L.A. is filled with un-sitcomed standup comics. Many are extremely talented and will make you laugh till you hurt yourself. These are the professionals. As a service to our readers, who could use a break from their worries, we’ve asked a sampling of the best comics (some you’ve heard of, some you will hear of) to share their best Hollywood horror stories — auditions, day jobs, head shots, meetings gone very, very wrong. Go ahead, feel their pain.
By Matt Braunger
I don’t have a problem with how I look. Like most people, I did when I was younger, but not so much anymore. In college I had a goatee, then later a beard. I grew them partly to look less like an adolescent boy but mostly to cover my weak chin. When I was a teenager people said I looked like a thinner John Candy. Lately I’ve been told I look Will Ferrell–ish. In my act I’ve described myself as being “built like a long baby.” Anyway, all things considered, I’m not an ugly man. At least, I don’t think so. I’m a comedian, after all. Not being conventionally stunning helps. No one likes having the wacky foibles of life pointed out by a model.

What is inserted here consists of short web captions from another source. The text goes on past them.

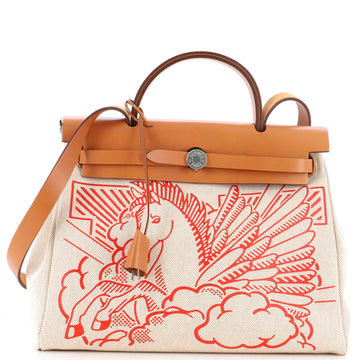 Hermes Herbag Zip Pegase Pop Toile and Leather 31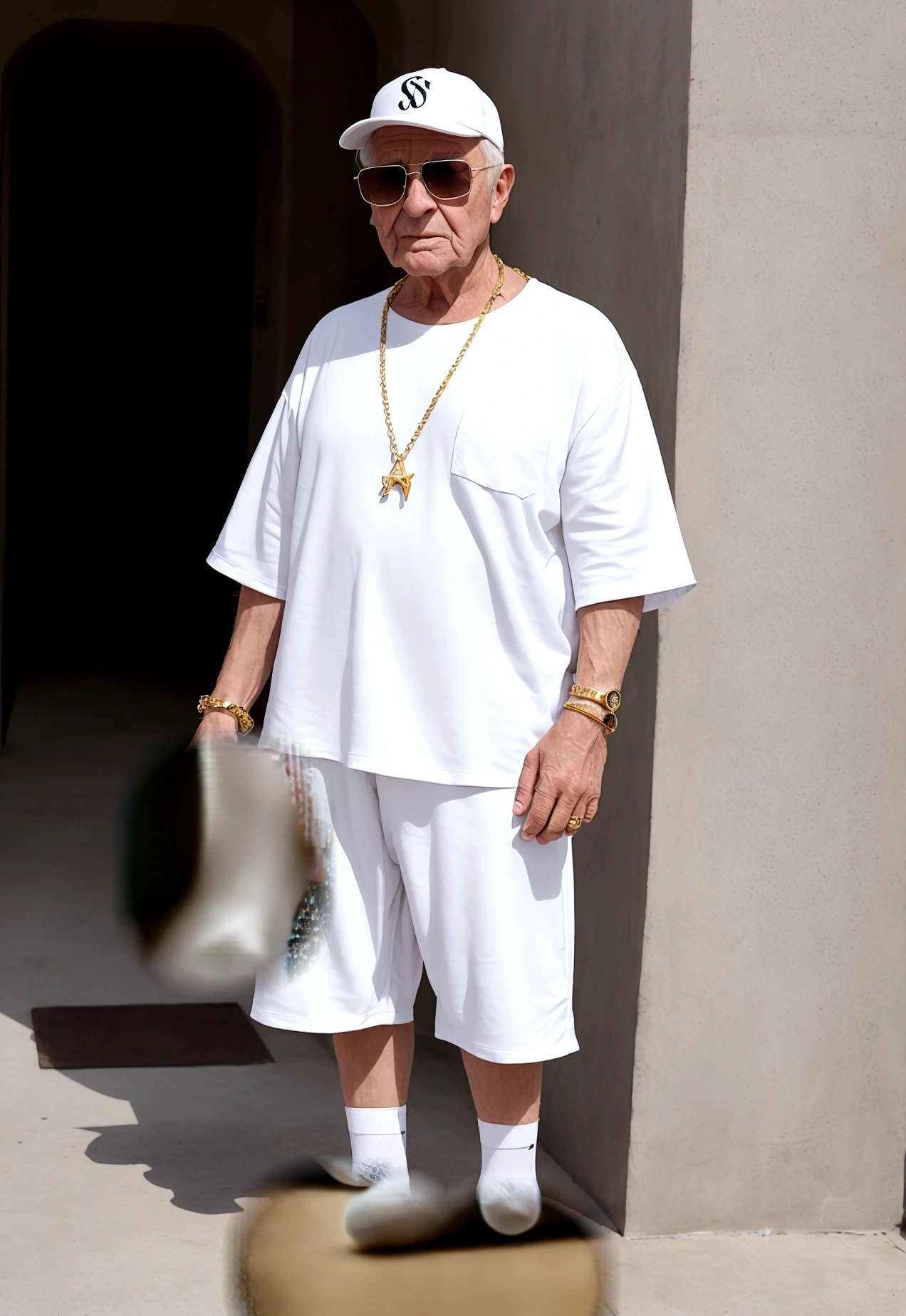 the feet are completely filled with white socks, nothing in hand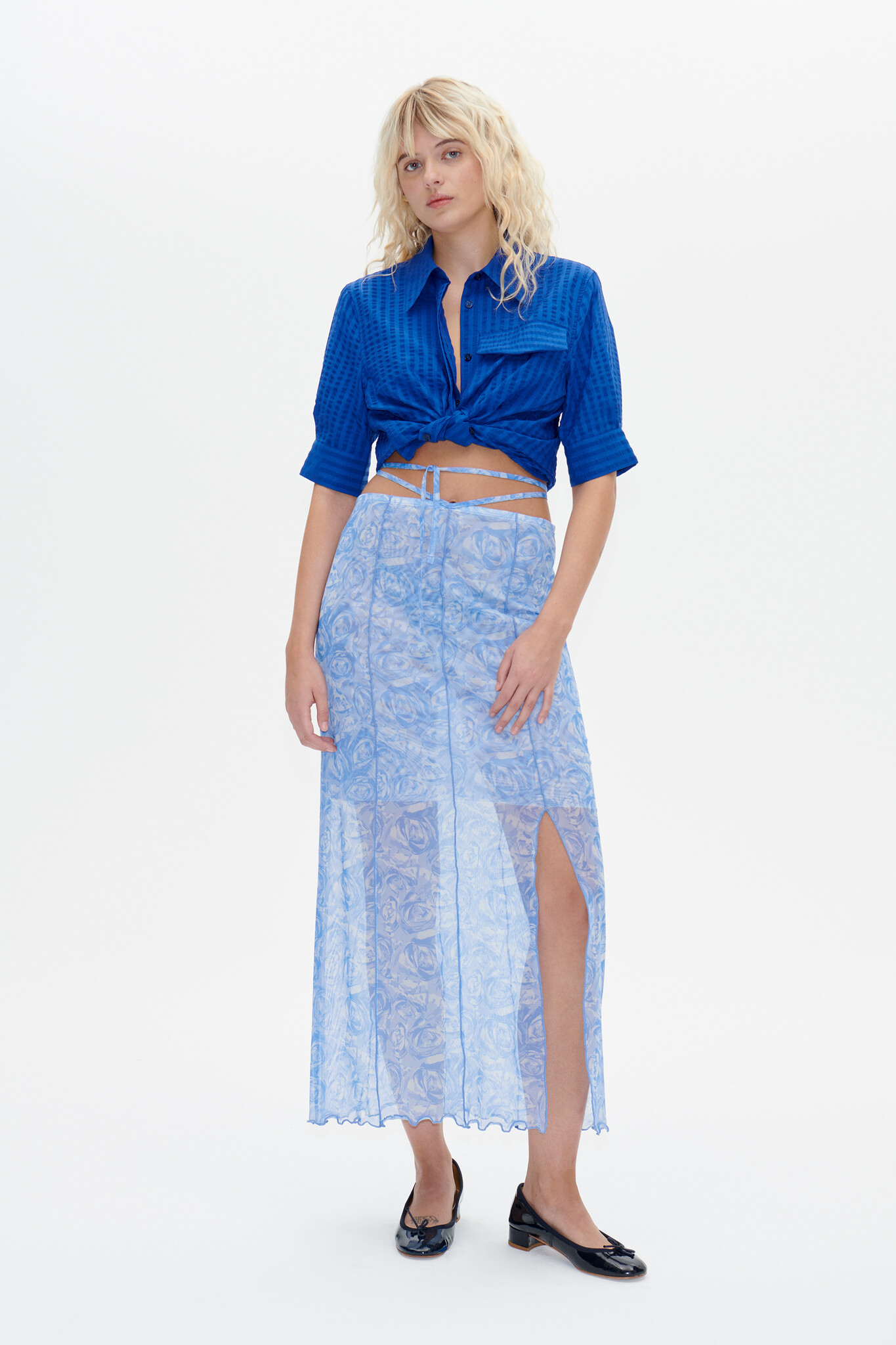 Project Cece | ETHEREAL FLORAL JACQUARD LONG EVENING SKIRT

Years ago, I walked into the casting office of 200 South ready to hit it out of the park. Even if it was an ad for kitty litter, or whatever. Back then all I went out for were commercials, but it was always exciting. Into the room I’d bound full of vigor and enthusiasm pretty much every time. Being a comedian, you get used to rejection and humiliation on a lot of levels. So when I started auditioning for things in L.A., I thought I could take whatever. In this particular instance I had no clue what role I was there for, but I didn’t care. Head shot in hand, with a smile on my face, I walked up to the pretty girl holding the sign-in sheet.
Me: “Hi, how are you? I’m here for the audition.”
Sign-in girl: “Hi. Name?”
Me: “Matt Braunger. Um, my agent didn’t tell me what role I’m auditioning for.”

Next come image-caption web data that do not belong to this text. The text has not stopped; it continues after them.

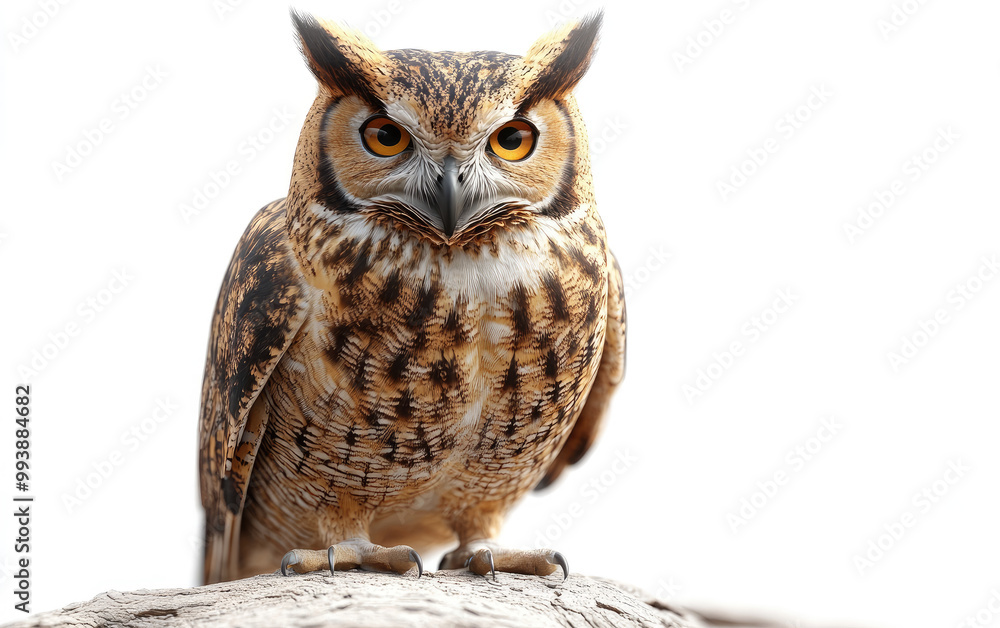Naklejka premium Owl with striking features, perched on log, white isolate background.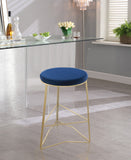Tres Velvet Contemporary Counter Stool - Elegant Design with Plush Comfort and Gold Metal Legs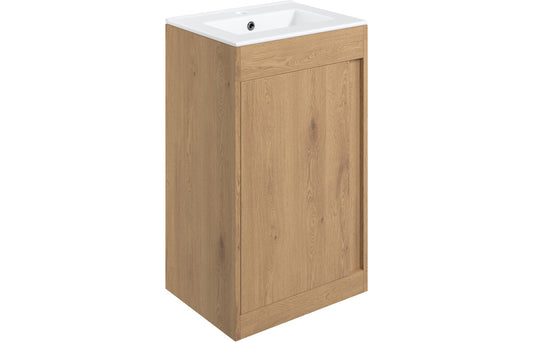 Estelle 510mm Floor Standing Unit Inc. Basin - Seville Oak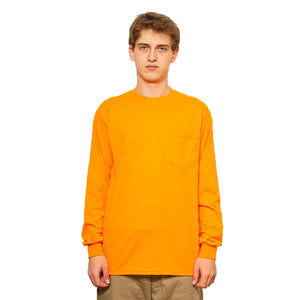 6.0 oz ウルトラコットンロングスリーブポケットTシャツ | ビッグサイズ | 1枚 | 2410 | セーフティオレンジ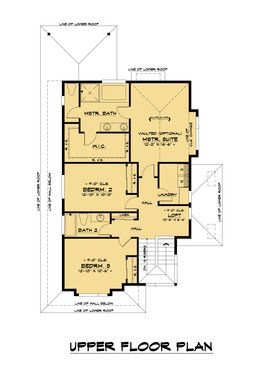 Floor Plan - Upper Floor for Contemporary House Plan #1066-136 - 3 bed, 2.5 bath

Sign-in girl: “Matt Bron ... ?”
Me: “Braunger. B as in boy, R, A, U ... ”
Sign-in girl: “Oh, here you are, Matt. Yep. You’re going in for the role of ... UNATTRACTIVE MAN.”
She walked away, leaving me stunned. Honestly? A noise came out of my face, unbidden. It was kind of a sad grunt. It felt like a physical blow. This is why I came in? This came over the breakdowns and someone — who represents me — said, “Unattractive? Let’s send in Braunger! He’s perfect for that!”
You’re here for the role of Unattractive Man. You are. By name.
When I was in sixth grade, I went to my very first school dance. While there, a friend said a girl wanted to meet me. Oh, I felt like a king! I walked over to where she was, but as I got closer she began to frown. “No, never mind,” she said to my friend. Clearly. Loud enough for me to hear. I turned and went back to the part of the wall I had been holding up a minute before.
This felt like that.
Gathering my ego, I walked over and learned that it was just a wide-ranging description. It should have been called “Creepy Man.” He was a guy who kept hitting on a woman who didn’t like him. That’s all. He wasn’t a shirtless Joseph Merrick. Relieved, I sat down and watched the other guys arrive to be told they were hideous, too. It was awesome.
LOOK WHO DRAGGED IN THE CAT
By Doug Stanhope
The problem started with the fact that I lived in L.A. and I had a couch. You can’t own a couch in Los Angeles. When you have a couch in L.A., you have a youth hostel. Your friends from the road who move out to take their shot at the big time want to stay with you until they “get on their feet.” A week turns into a month turns into three months because they can’t find a job!
L.A. is the only place in the world where getting a job is a bad thing. Everywhere else, people go out to dinner and celebrate when they get a job. In L.A. it’s a point of shame. “Ya, I had to get a day job.”
It would get to a point where I would look for jobs for the couch dwellers, and one that was always in the paper was for gay phone sex. Nobody bit. I thought, Hell, if I were looking for a job, I would do it! At least it would keep you laughing. Finally it got to a point where I said, “Fuck it, I’ll do it.” At this point my mother had been living with me for five months, claiming that she couldn’t find work to support herself. Two years later she still hadn’t found a way to pay her bills, even quitting a job two days a week at a thrift shop because it was “too exhausting.”